Paresseuse, je n’ai pas envie de prendre ma voiture pour aller chez Leroy-Merlin, je me rends à pied chez mon voisin. Il me tend un saut en plastique et un pinceau. "Tout se rince à l’eau", me dit-il, et il retourne à ses occupations. De retour dans mon bac à sable, je m’amuse avec mes nouveaux jouets. L’étiquette sur le pot indique « colle de poisson». Je pensais que ce procédé n’existait plus depuis des lustres. L’odeur m’attrape, comme hameçon l’esturgeon et tandis que j’enduis les angles du tiroir avec application, je dévide, à chaque coup de pinceau, la bobine éphémère où s’enfile des molécules odorantes que je gobe et digère tour à tour.

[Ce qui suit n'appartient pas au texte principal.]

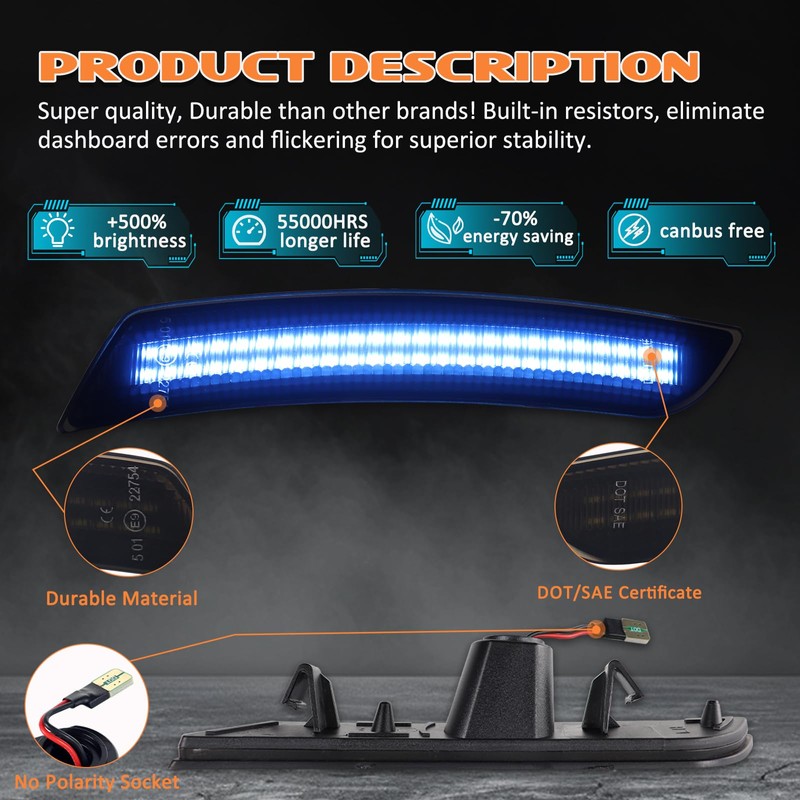 AreLokpri Front Rear Bumper Side Marker Lights Compatible with Chevy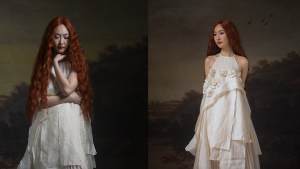 Set áo yếm cách điệu đính hoa và chân váy xoè xếp ly THE COUNTRY Hona-Miset vải chiffon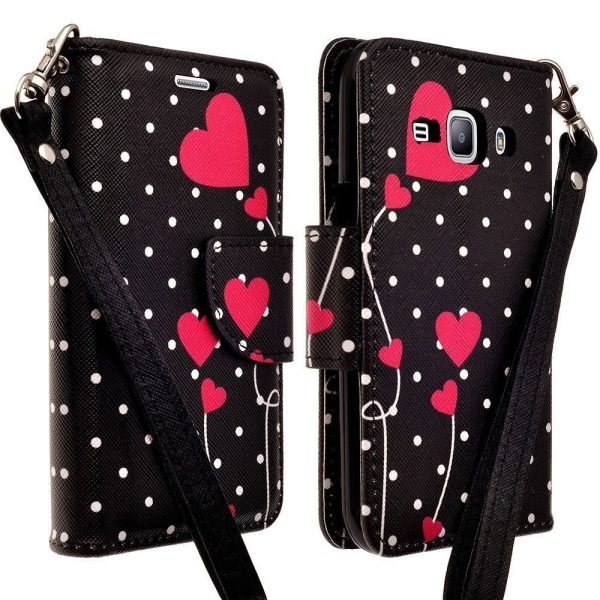 Galaxy J7 2016 Case, Magnetic Fold[Kickstand] Pu Leather Wrist Strap Wallet Case with ID & Credit Card Slot for Samsung Galaxy J7 2016   J710 - Polka Dot Hearts on Sale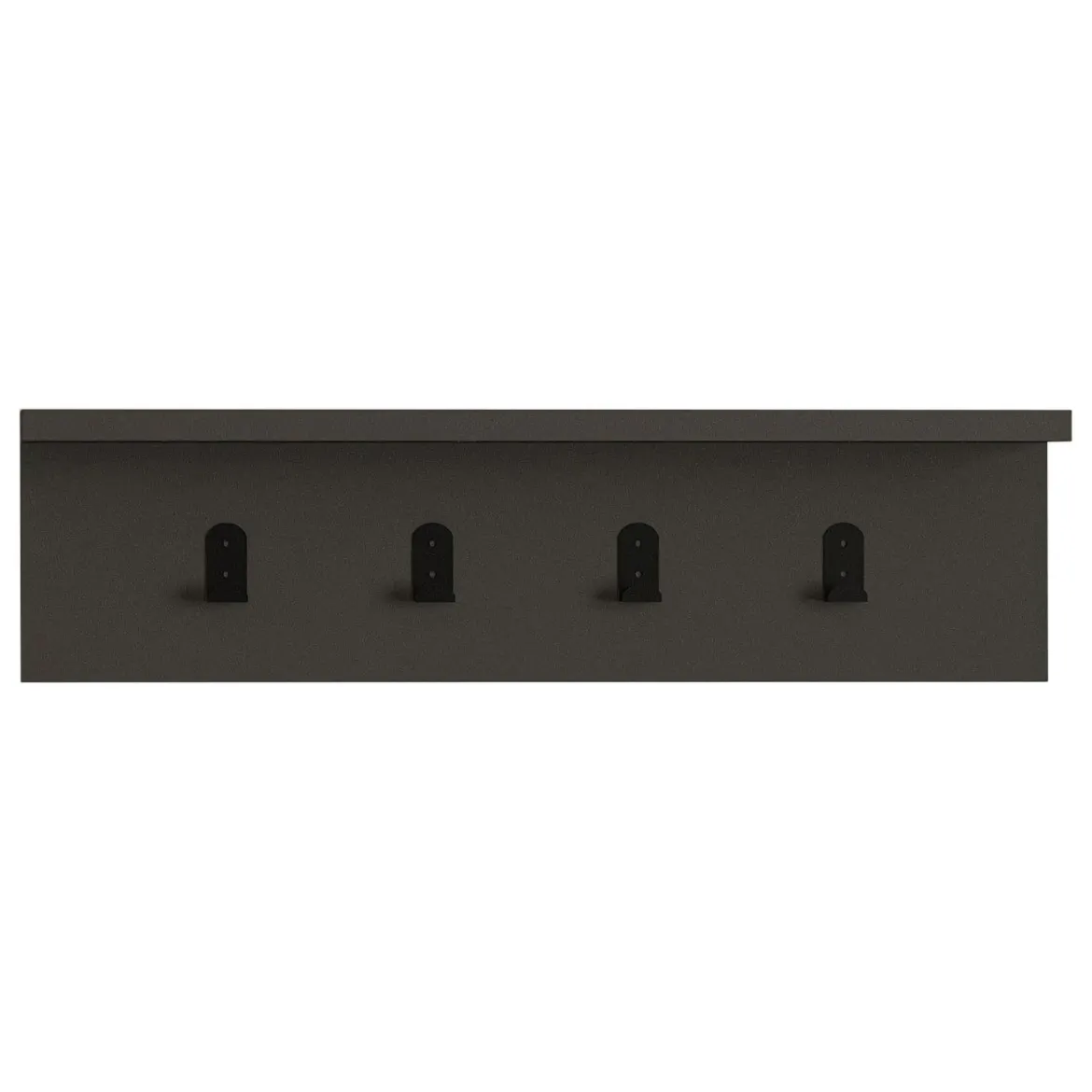 Appendiabiti Nero Antracite 4 Ganci Installazione a Muro 15h cm, Sfumatura Colore Struttura Antracite - Taipana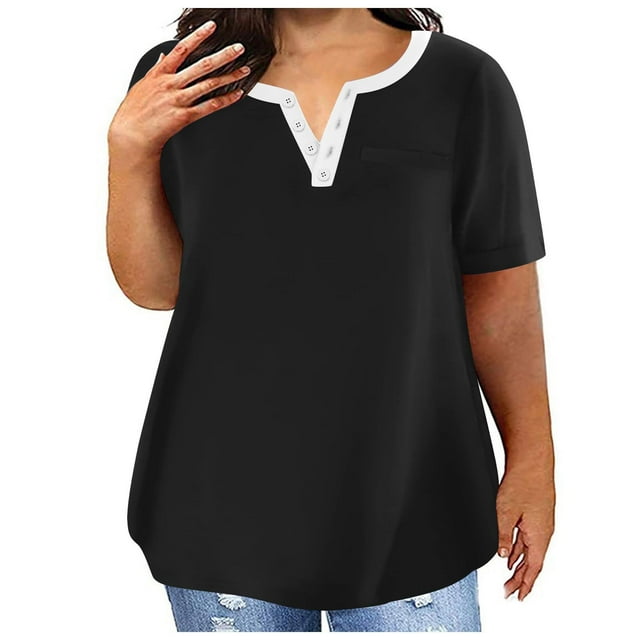 Timegard Plus Size Tops for Women Notched V-Neck Button Short Sleeve Summer Casual Loose Shirts Top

Encre. Vinaigre. Sel. Pop corn. Sauce Nems. Bitume. Louis Vuitton. Place du marché de Vintimille.

Vintimille est en bord de mer.
Mais il n’existe pas de marché aux poissons à proprement parlé.
J’interromps mon barbouillage et immobilise le pinceau enduit de poix sous mon nez.
Je découpe la trainée odorante signal après signal afin de reconstituer le parcours aléatoire et pourtant logique du dénouement. Tel le mouvement de la course d’un athlète que l’on visionne au ralenti, mouvement après mouvement, pour en saisir la trajectoire. Je plonge littéralement dans l’odeur, progresse strate après strate afin de mettre la main sur l’ornière qui m’a fait soudain basculer, buter contre le monogramme brun et or, puis chuter sur cette ville frontalière en Italie.
Encre et bitume : des pâtes aromatisées à l’encre de sèche ?
Sel et vinaigre : la sauce nuoc-mâm élaborée avec des anchois fermentés dans une saumure ?
Pop corn et sauce nems. Je persiste dans les émanations de bouffe et de poiscaille.
Bitume et cambouis. Lapsang souchong. Noire et âcre comme l’encre, comme la fumée. Thé fumé. Salé et noir comme la saumure. Amer et animal. De couleurs en sensations, je parviens à dégager une silhouette parmi les images odorantes qui dessinent une trame floue et mouvante.
La colle de poisson embaume l’absolue de castoréum, substance sombre et animale qui rappelle les odeurs, fauve du cuir, âcre de la fumée. Et, dans la seconde qui suit, je comprends que ce relent caractéristique de peaux tannées m’a transportée chez Vuitton puis sur le marché de Vintimile où fleurissent les contrefaçons. Des cuirs à l’odeur de poisson.
Car ces objets sont la plus part du temps confectionnés en Asie. Et mon intuition me souffle que la colle, employée pour assembler les différentes bandes de cuir, est produite à partir des arêtes de poissons.
Lorsque j’ai musardé au printemps de l’année passée entre les étals du marché de Vintimille où je trainais mon nez en touriste parmi les eaux de toilette falsifiées aux noms et aux formes à peine voilées, à la découverte du contre-type pertinent ou des rateaux, le remugle étrange, inhabituel et terriblement puissant de la maroquinerie d’imitation a visiblement marqué ma mémoire olfactive sans que j’en prenne alors pleinement conscience. Brave petite mécanique ! Chaque effluve que je croise en chemin est automatiquement photographié par mes récepteurs logés dans mon renifloir, puis stockés dans ma mémoire protéiforme. Vaste collection d’instantanés en transit, qui surgissent au hasard des circonstances, s'agitent et bondissent, s’emmêlent les pinceaux, comme lors d’une séance improbable de bricolage par exemple.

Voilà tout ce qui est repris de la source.